I will never forgive them, however, for Polgara the Sorceress. They ruined Polgara’s character for me. Suddenly, she’s some proto-ultrafeminist. Suddenly, she’s the most important figure in the history of the universe, and her father, the guy who had watched the world in its infancy and carefully guided humanity toward its destiny, was little more than a drunk asshole who likes to stick his ancient dick into things, and really should have just gotten out of the way while Polgara and Poledra fixed everything the right way. Oh, and by the way, Poledra is the most powerful sorcerer in the world now, and sometimes her power dwarfs even that of the gods (see: the revisionist conflict at Vo Mimbre). If that book was a look into Polgara’s mind, then, goddamn, she’s a self-involved, snotty person. She’s like that guy at the party who always has to just slightly one-up you, no matter what you’re saying (“Yeah, that’s cool, but in my opinion, you don’t REALLY know what the Arctic is like until you’ve been there for three weeks, which I was back in 2000…”)

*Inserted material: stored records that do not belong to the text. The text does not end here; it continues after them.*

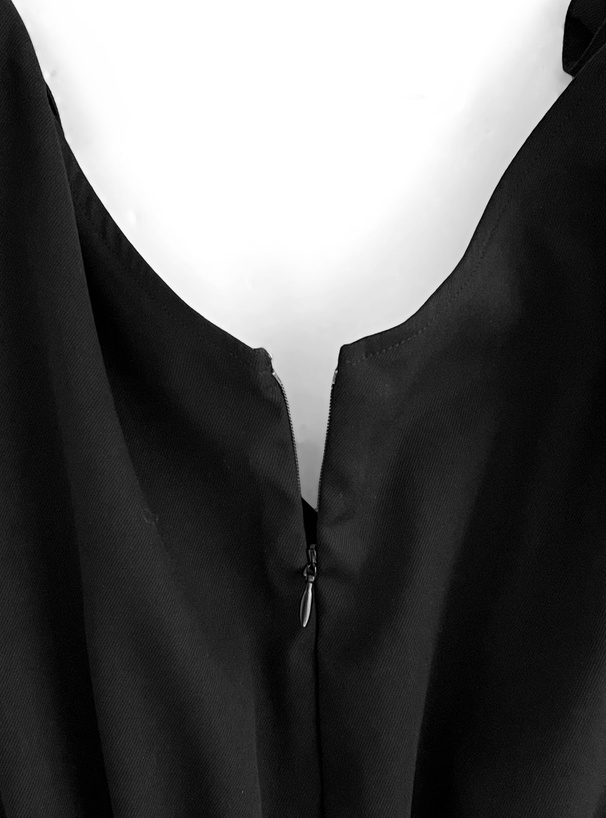 Vネックノットストラップフレアジャンパースカート[gc207] レディースファッション通販のグレイル(GRL)【公式】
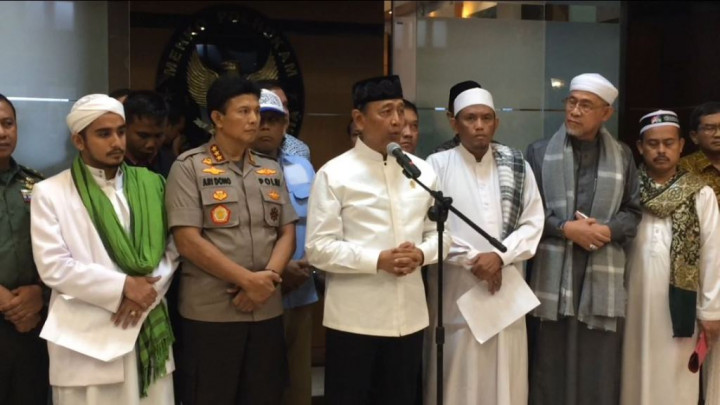 Pemerintah Pertimbangkan Tuntutan Massa Aksi 211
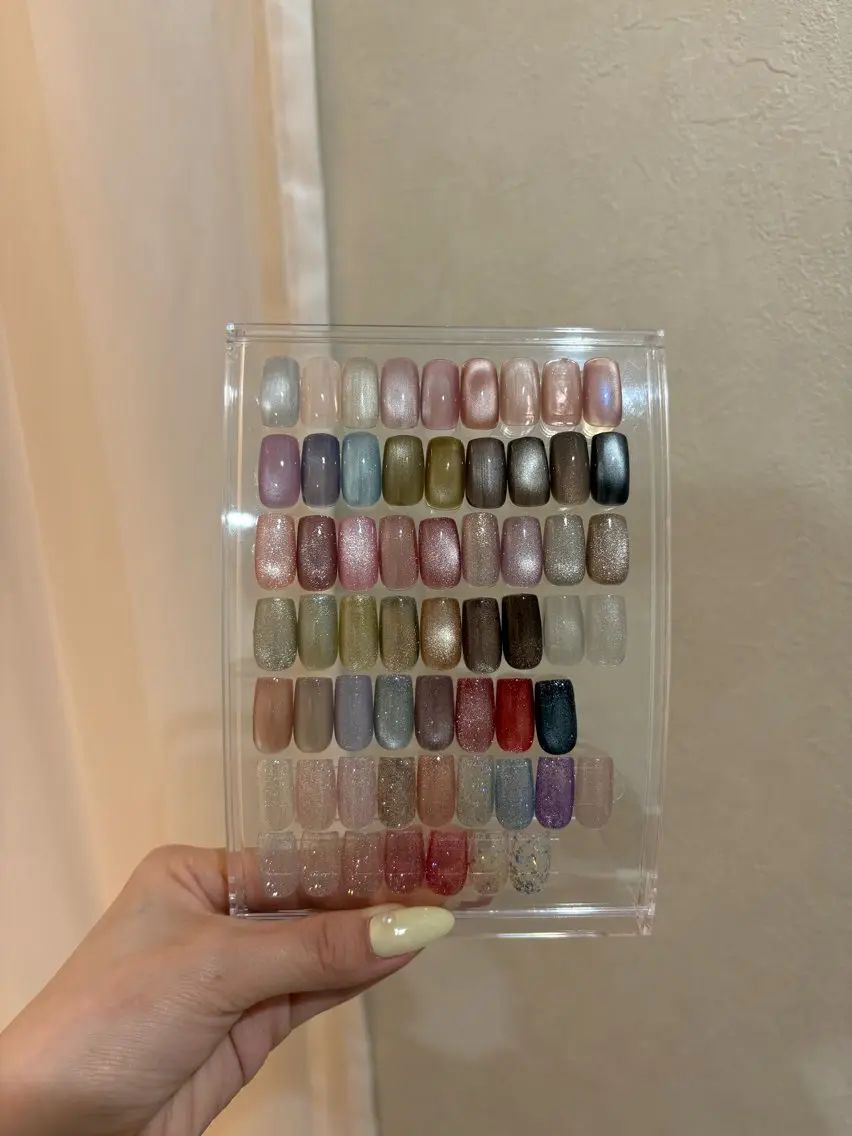 ネイル フラッシュネイル マグネットネイル ワンカラーネイル ハンドネイル atelier moiのネイルデザイン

Stylistically, whoo, don’t get me started. The unfortunate habit of doing those little “side-notes” started in Belgarath, and I hated them, but they were used fairly sparingly. In Polgara, goddamn, there was some snotty, snide, insulting, or just plain sophomoric side note, addressed to Silk, Ce’Nedra, Belgarath, or just about anybody else, every other page. It was maddening. It got to the point where I simply skipped the text whenever I came upon a short break followed by a couple pointless lines.

Polgara was a dick.

OK, I know this thread isn’t going to hugely popular, but let me bitch a little more.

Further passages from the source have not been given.